__About this exercise__
From the line containing "Pop art of American" through the last line of the listing, output each line exactly as it stands. Omit pictures.

__Provided data__
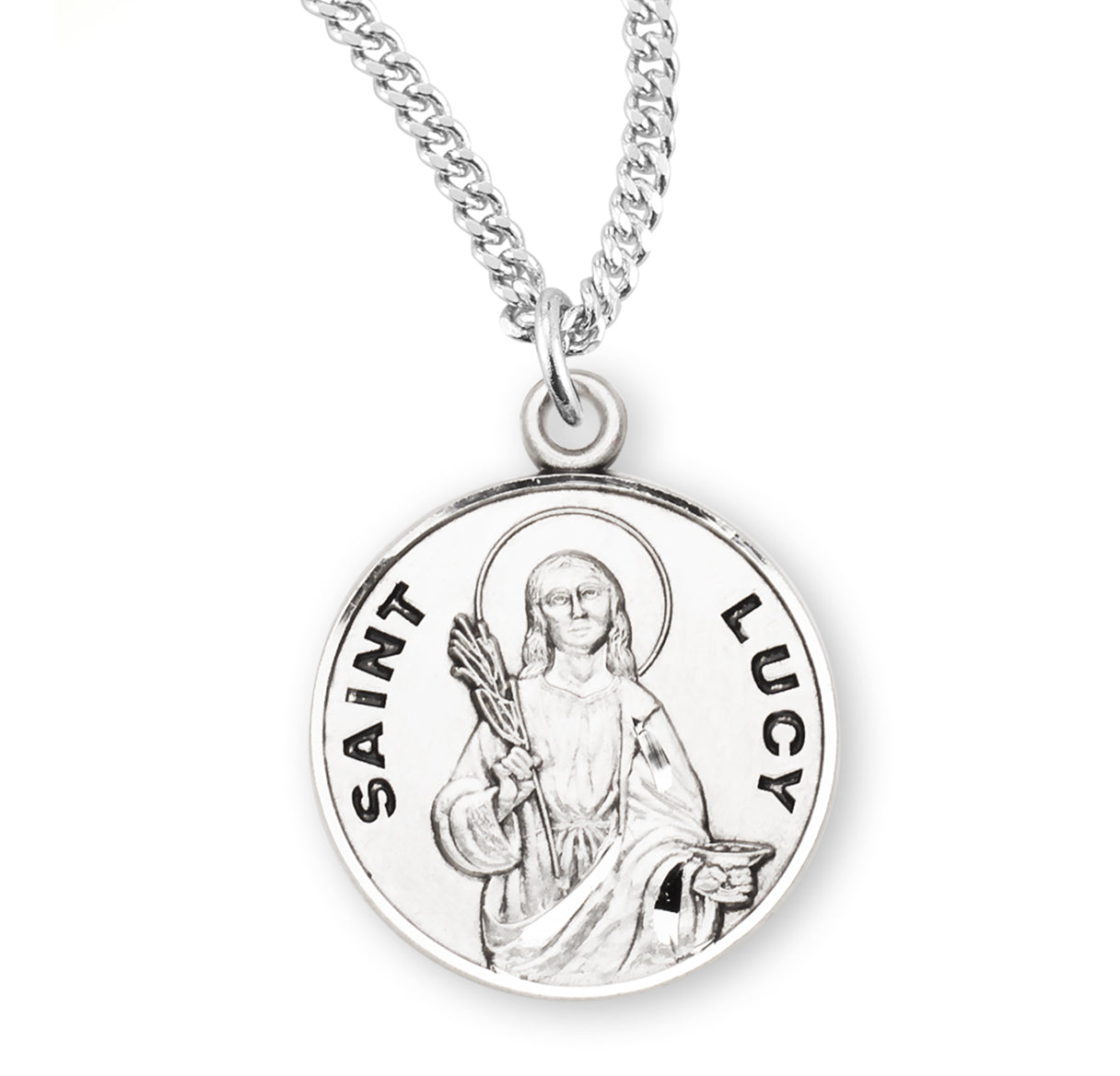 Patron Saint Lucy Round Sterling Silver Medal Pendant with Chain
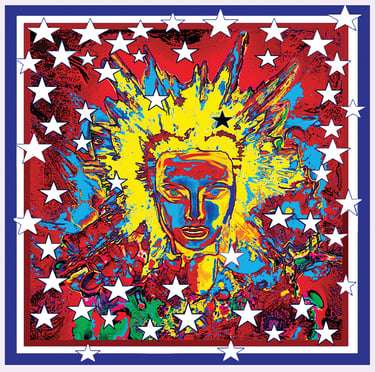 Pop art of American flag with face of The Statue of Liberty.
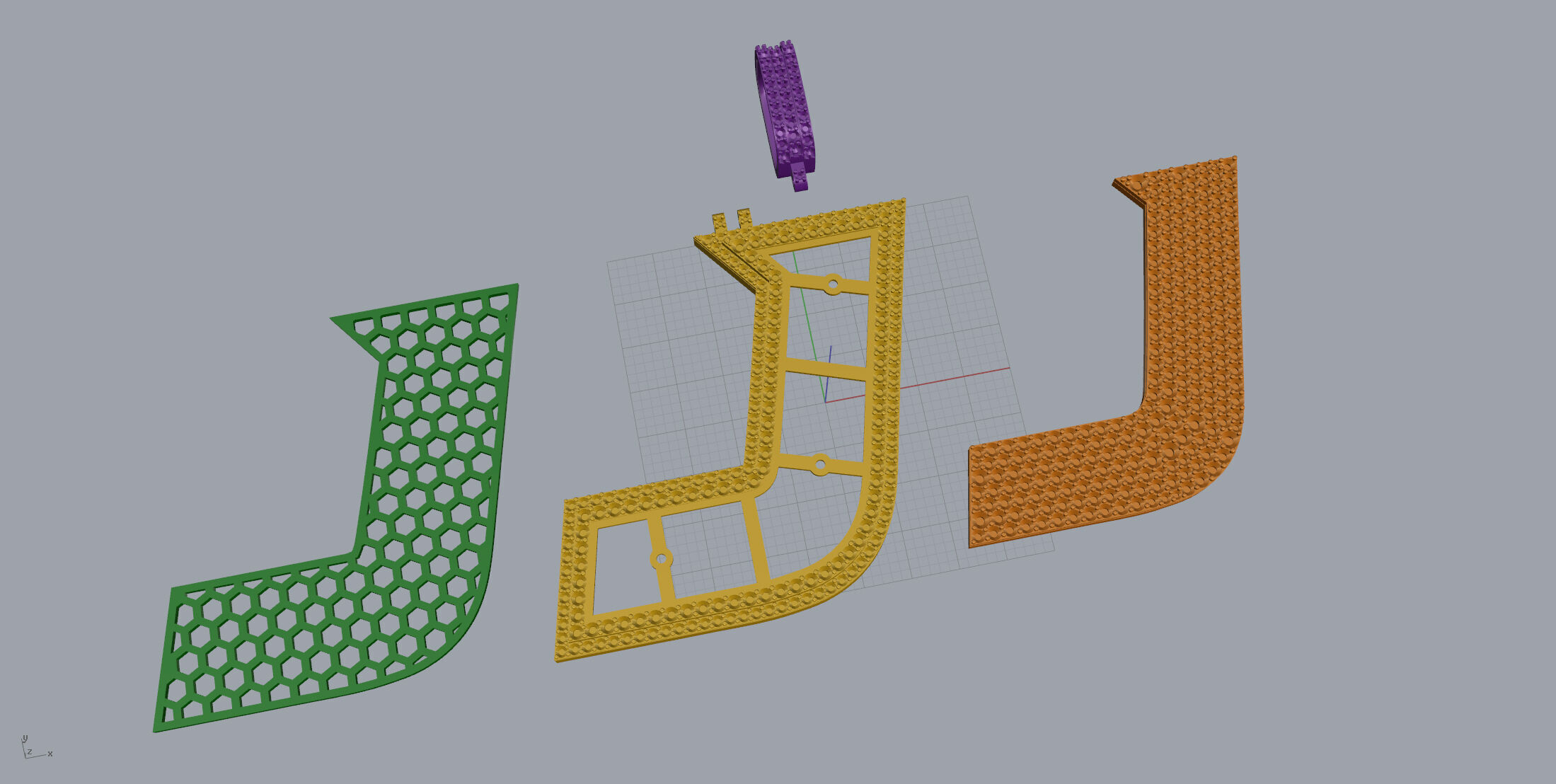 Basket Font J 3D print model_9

__Reply__
 Pop art of American flag with face of The Statue of Liberty.
 Basket Font J 3D print model_9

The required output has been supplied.